Your instructions: Could you transcribe exactly the lines from the one containing "BABY'S REVENGE [VINYL]" through the last line of the records below, leaving out the pictures?

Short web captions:
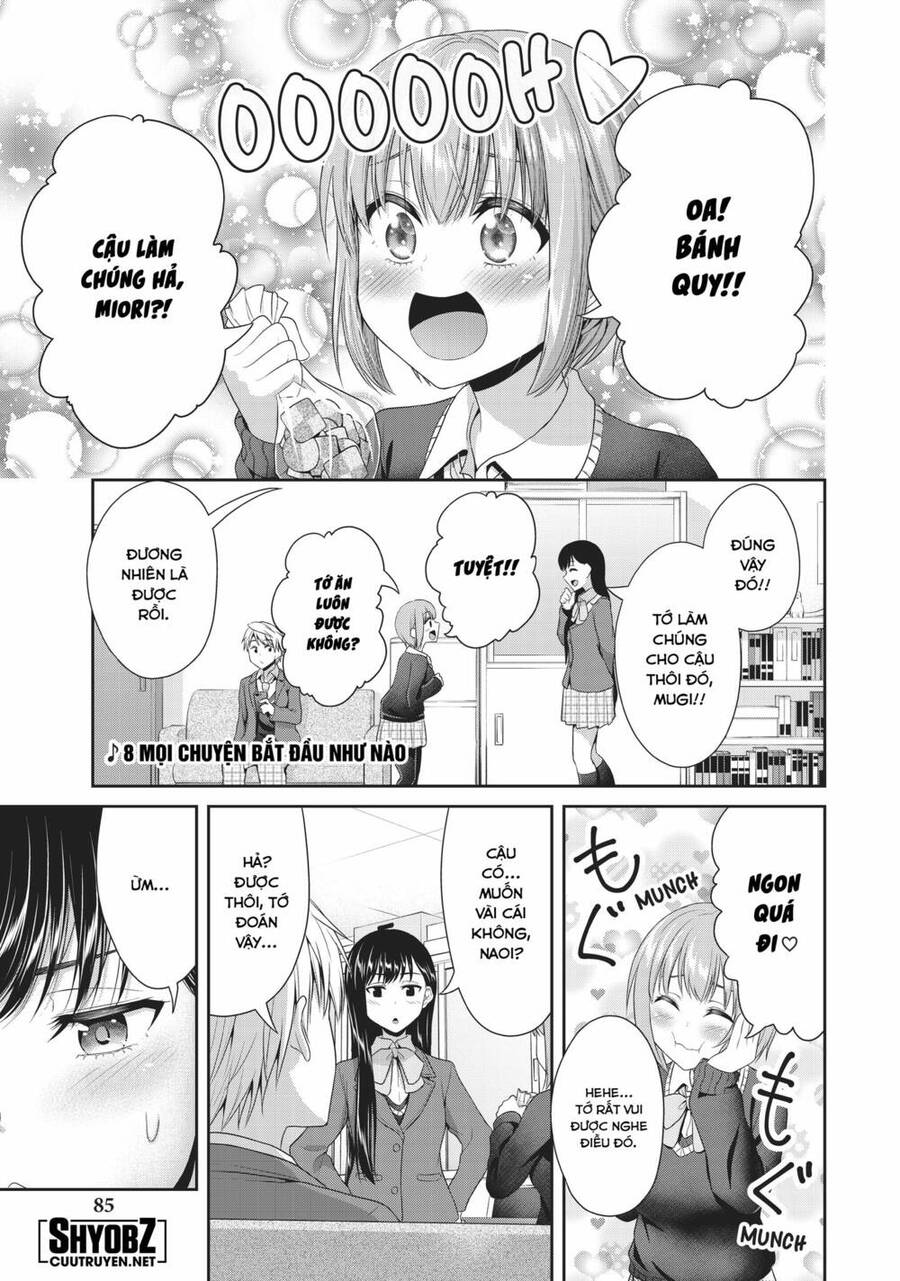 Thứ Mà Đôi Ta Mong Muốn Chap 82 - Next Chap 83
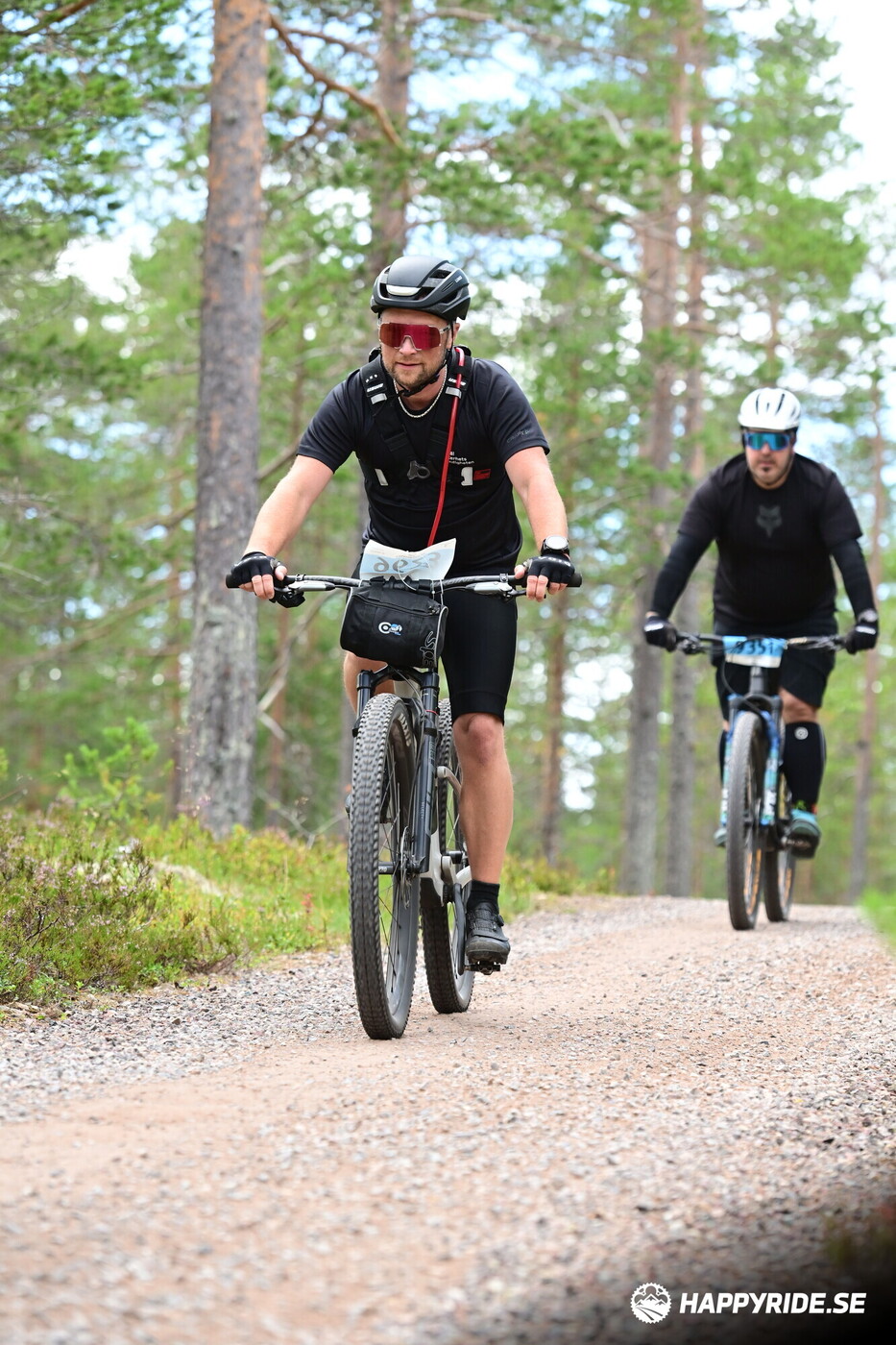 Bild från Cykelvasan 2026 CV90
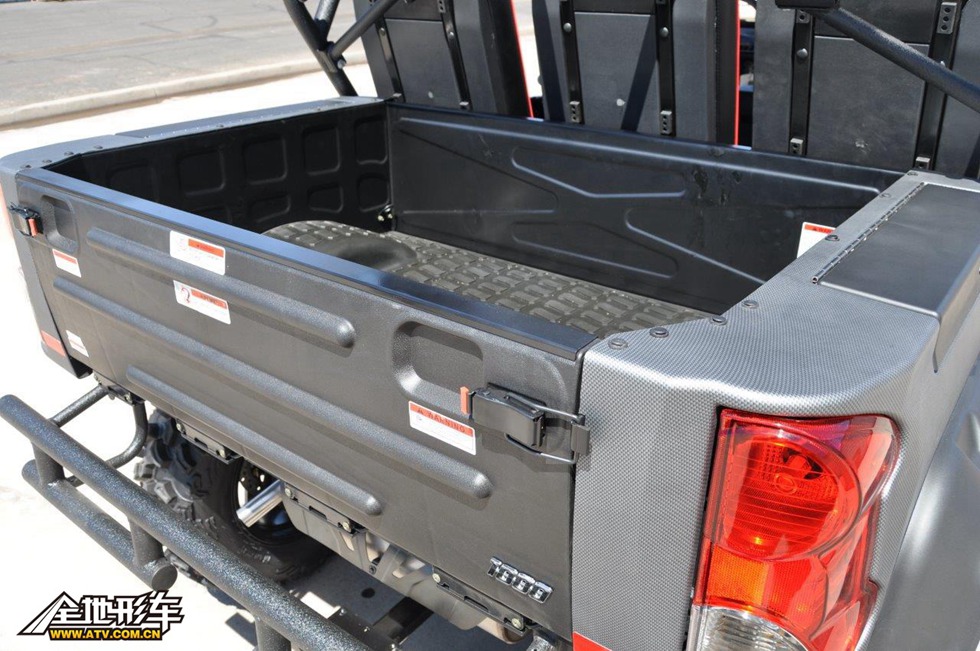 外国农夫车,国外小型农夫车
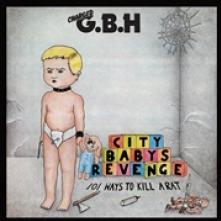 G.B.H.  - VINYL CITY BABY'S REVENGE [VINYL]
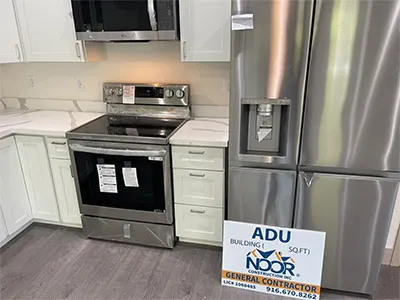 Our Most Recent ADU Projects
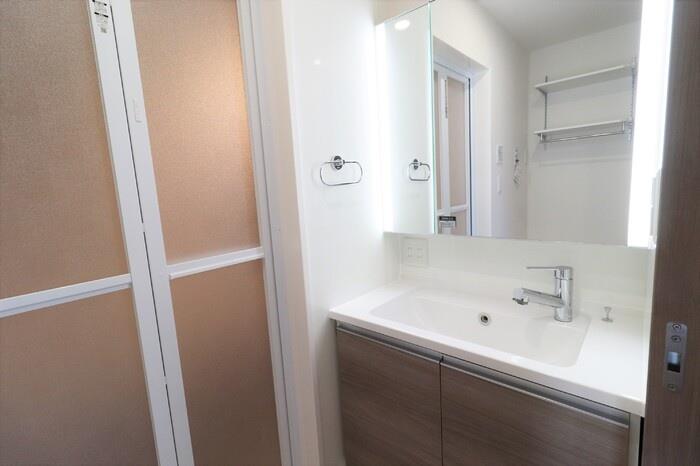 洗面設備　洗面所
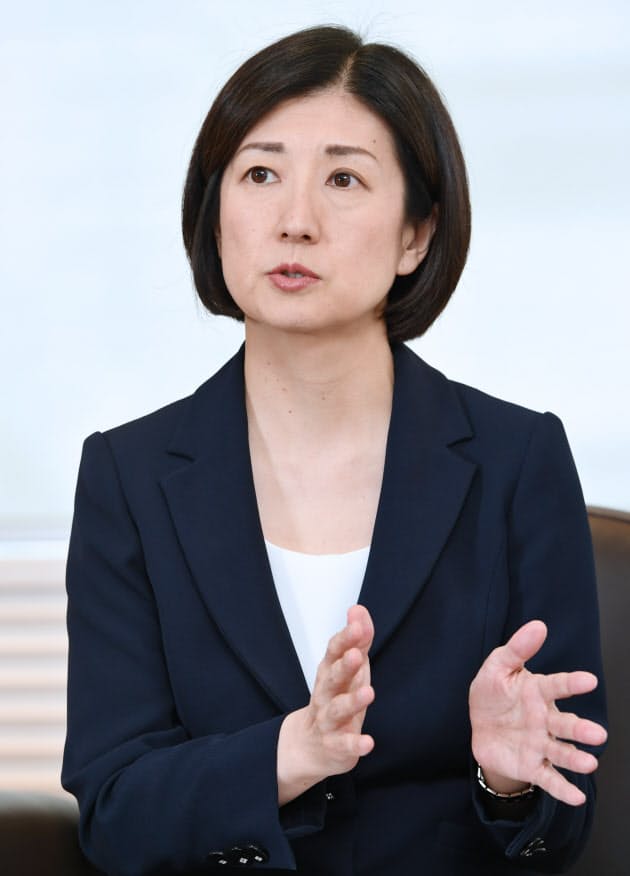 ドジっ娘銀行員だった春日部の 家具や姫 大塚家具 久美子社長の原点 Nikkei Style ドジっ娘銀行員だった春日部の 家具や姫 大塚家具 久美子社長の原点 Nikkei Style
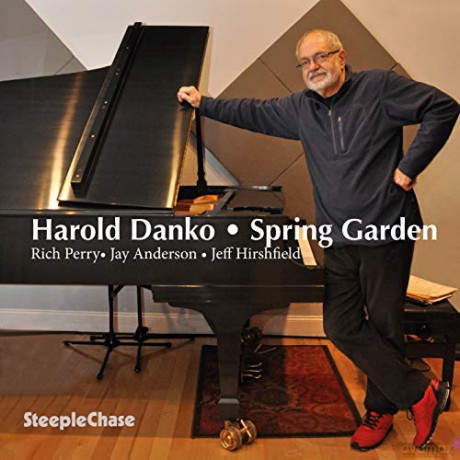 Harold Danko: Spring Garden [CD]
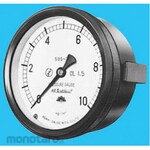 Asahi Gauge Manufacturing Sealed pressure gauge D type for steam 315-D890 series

Result:
 G.B.H.  - VINYL CITY BABY'S REVENGE [VINYL]
 Our Most Recent ADU Projects
 洗面設備　洗面所
 ドジっ娘銀行員だった春日部の 家具や姫 大塚家具 久美子社長の原点 Nikkei Style ドジっ娘銀行員だった春日部の 家具や姫 大塚家具 久美子社長の原点 Nikkei Style
 Harold Danko: Spring Garden [CD]
 Asahi Gauge Manufacturing Sealed pressure gauge D type for steam 315-D890 series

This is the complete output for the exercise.